演説するハンガリーの新興野党「ティサ」党首マジャル氏=ブダペストで5月30日、ロイター

 ハンガリーで、2月に活動開始したばかりの新人政治家ペテル・マジャル氏(43)率いる保守政党「ティサ(尊重と自由)」が支持率を急拡大させている。マジャル氏はソーシャルメディアを舞台に強権的な姿勢で知られるオルバン政権批判を繰り広げ、注目を集めた。9日に投開票される欧州議会選にも候補者を擁立している。

 マジャル氏は3月以降、オルバン政権の汚職体質などに抗議する大規模集会を頻繁に開き、欧米メディアで脚光を浴びた。英紙ガーディアンなどによると、5月に第2の都市デブレツェンであった集会には約1万人が集まり、マジャル氏は「ハンガリー人の大多数はプロパガンダや、作られた分断に疲れ切っている」と政権を批判した。オルバン首相の支持率が高い地方都市でも数千人の参加者を集め、野党が開く集会としては異例の盛り上がりだという。

 マジャル氏はもともとオルバン首相率いる中道右派与党「フィデス・ハンガリー市民連盟」の党員で、外交官としてベルギーにある欧州連合(EU)のハンガリー常駐代表部で勤務したほか、国有企業の取締役も務めた。しかし今年2月、「内側から見た腐敗ぶりに失望した」(ロイター通信)として職を辞し政権批判に転じることを表明した。

 そのころハンガリーでは、ノバク大統領(当時)が児童への性的虐待事件で有罪判決を受けた男に恩赦を与えたことで市民による批判が高まっていた。これを受けてノバク氏と当時の法相バルガ氏が辞職した。このバルガ氏はマジャル氏の元妻で、マジャル氏は3月、バルガ氏が離婚前の昨年、在職中に家で話したという政権の腐敗ぶりを明かす内容の会話の録音を公開し、一躍有名になった。

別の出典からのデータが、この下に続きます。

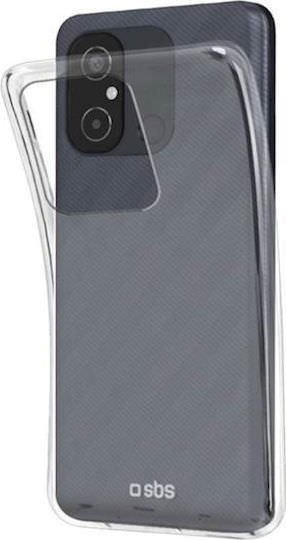 SBS 0.3 Skinny Back Cover Σιλικόνης Διάφανο (Redmi 12 4G / Redmi 12 5G) - Image 1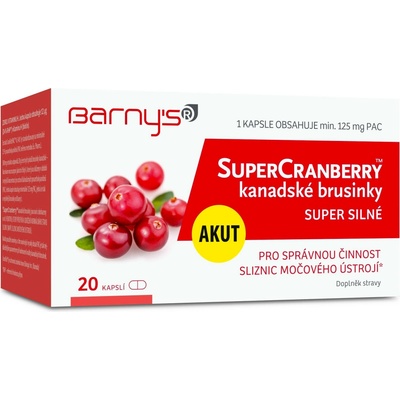 Barny's Super Cranberry 20 kapsúl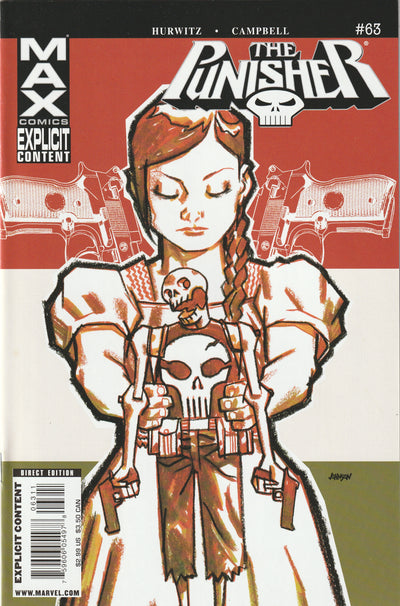 The Punisher #63 (MAX, 2008)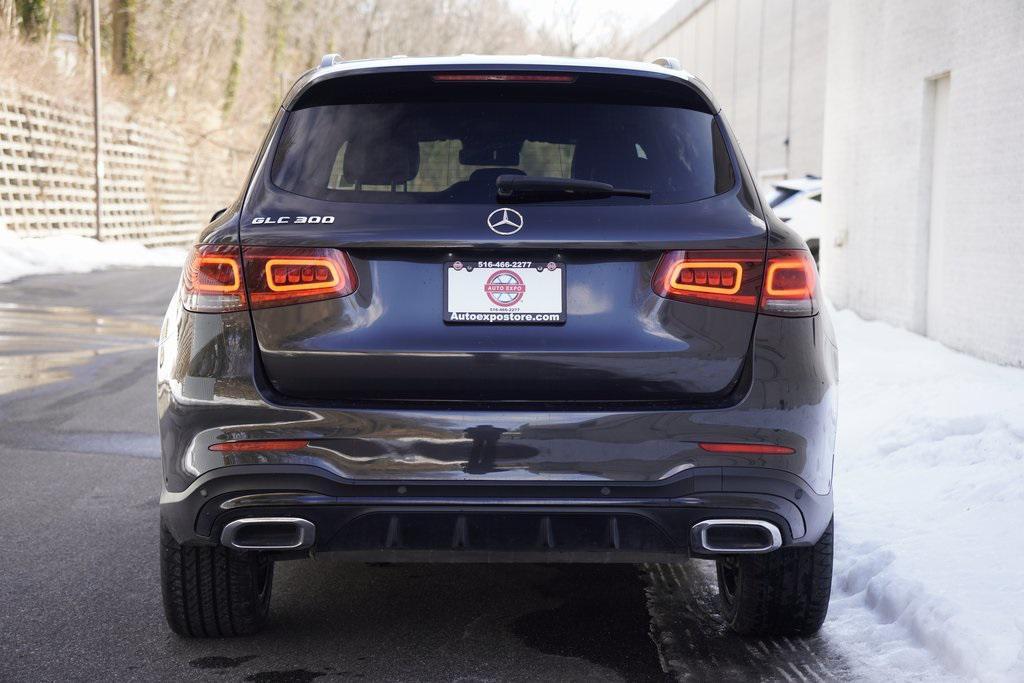 used 2022 Mercedes-Benz GLC 300 car, priced at $22,495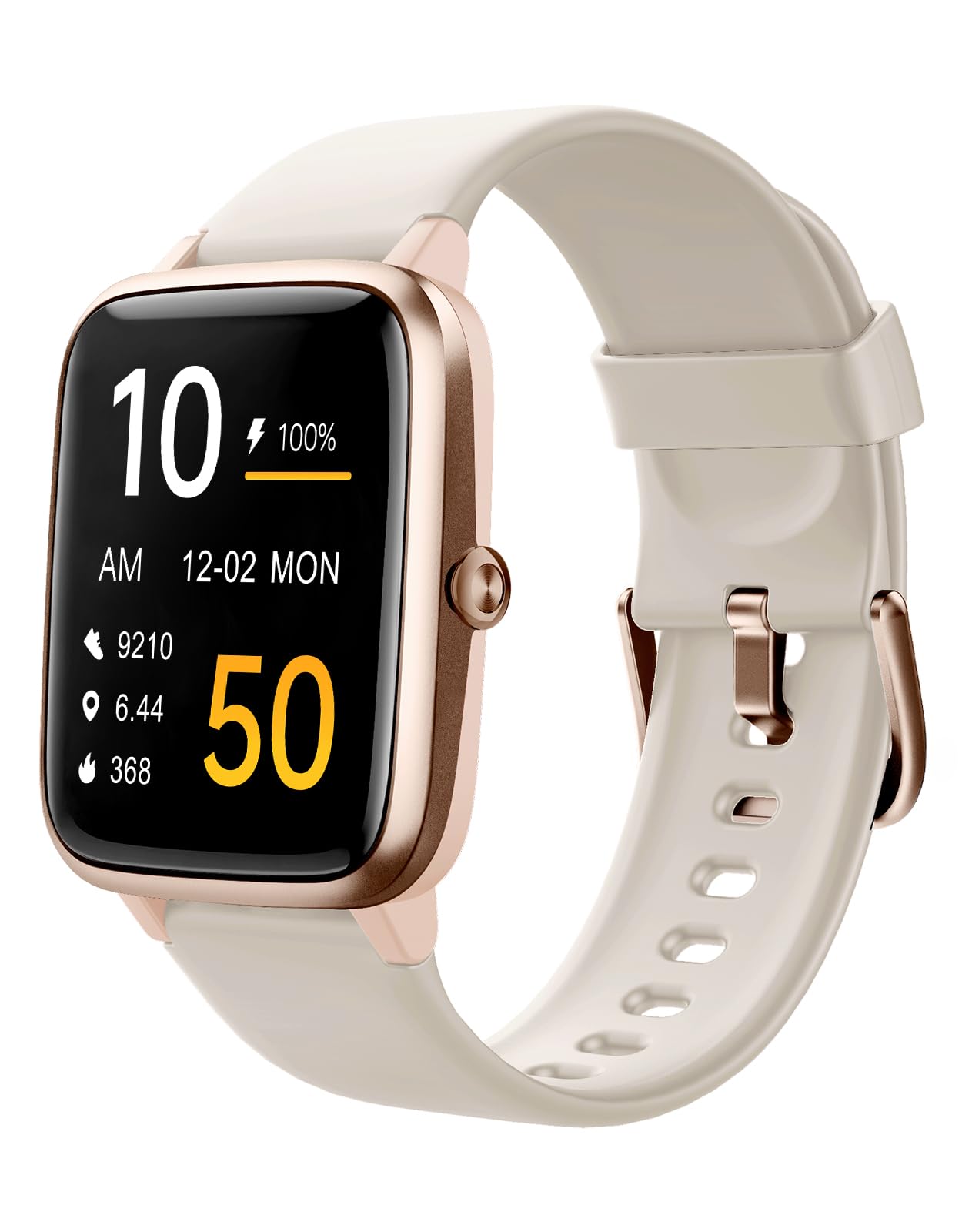 Up to 60% Off Fitness Tracker Smartwatch with Code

支持者との写真撮影に応じる新興野党「ティサ」党首マジャル氏=ハンガリー北部で2024年5月25日、ロイター

 ハンガリーでは与党のフィデスが世論調査で45%と高い支持率を得ているが、メディア統制や親露的な姿勢などを背景に批判も受けている。野党がまとまりを欠く中、マジャル氏が率いるティサは政権に批判的な層の支持を集め、5月の世論調査では25%の支持を得て、早くも「最強野党」となった。

 9日にある欧州議会選挙(定数720)では、ハンガリーから21議席が選出される。ティサは12人の候補者を擁立するといい、独紙「南ドイツ新聞」は最大7人が当選すると分析している。次の国政選挙は2026年だが、それまでに地方選挙にも候補者を擁立するという。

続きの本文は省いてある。